Chirurgie nécessaire pour un carcinome canalaire de bas grade ?

Une nouvelle étude remet en question les recommandations actuelles concernant le traitement des carcinomes canalaires in situ de grades 1 et 2. La surveillance active pourrait être aussi efficace que la chirurgie, selon l’étude Comet, publiée dans Jama. Ce changement d’approche soulève des interrogations sur la nécessité de revoir les pratiques médicales.

  • Étude Comet analyse efficacité surveillance active chirurgie
  • 55% patientes prévues opérées ne le furent pas
  • Nouvelles données suggèrent révision recommandations chirurgie
  • Absence corrélation entre détection prématurée et mortalité

Chirurgie nécessaire pour un carcinome canalaire de bas grade ?

La surveillance active s’avère non inférieure à la chirurgie

L’étude américaine Comet a analysé l’efficacité de la surveillance active par rapport à la chirurgie pour traiter les carcinomes canalaires in situ (CCIS) de grades 1 et 2. Réalisée entre 2017 et 2023, cette recherche a impliqué 957 femmes, avec un âge médian de 63,6 ans. Les participantes étaient divisées en deux groupes : l’un recevant un traitement chirurgical immédiat, tandis que l’autre bénéficiait d’une surveillance régulière tous les six mois.

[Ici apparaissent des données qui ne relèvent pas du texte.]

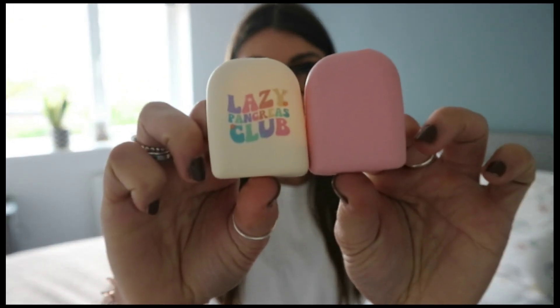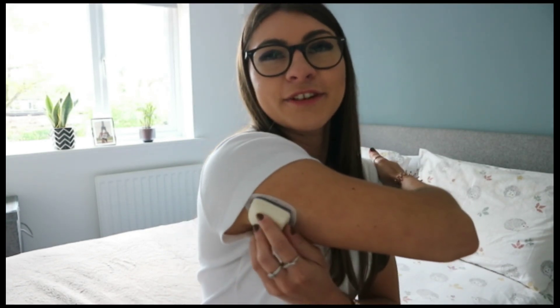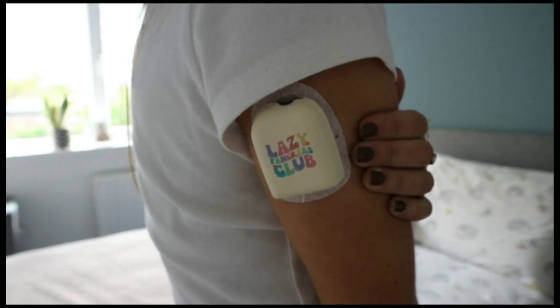In terms of people looking at my diabetes tech — I honestly don't care anymore. I proudly show it off, though I do often catch people looking at my arms funny because they just don't know what it is. If someone came up to me and asked, I'd be more than happy to let them know. These little covers are so freaking cute — I haven't worn this one yet but I definitely want to. Let me show you guys what it would look like on the pod. How cute is that?!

Au bout de près de 37 mois, il a été observé que 346 femmes ont subi une opération, dont 264 dans le groupe chirurgical et seulement 82 dans le groupe sous surveillance active. L’incidence du cancer invasif était comparable entre les deux groupes, avec une déclaration chez 5,9% des patientes opérées selon les recommandations contre seulement 4,2% pour celles sous surveillance active.

Un suivi complexe avec un respect du protocole limité

Il est crucial de noter que seulement 55% des patientes devant subir une intervention chirurgicale ont effectivement été opérées dans les six mois suivant leur diagnostic. Cela montre un non-respect significatif du protocole établi par l’étude. En conséquence, les chercheurs ont dû subdiviser ces patientes en quatre sous-groupes pour mieux analyser leurs résultats.

Le premier groupe comprenait celles qui avaient effectivement subi une opération, tandis que le second regroupait celles qui avaient reçu une surveillance après avoir initialement prévu d’être opérées. Les deux autres sous-groupes incluaient celles n’ayant pas subi d’opération mais ayant bénéficié d’une surveillance active et celles ayant été traitées chirurgicalement dès le départ.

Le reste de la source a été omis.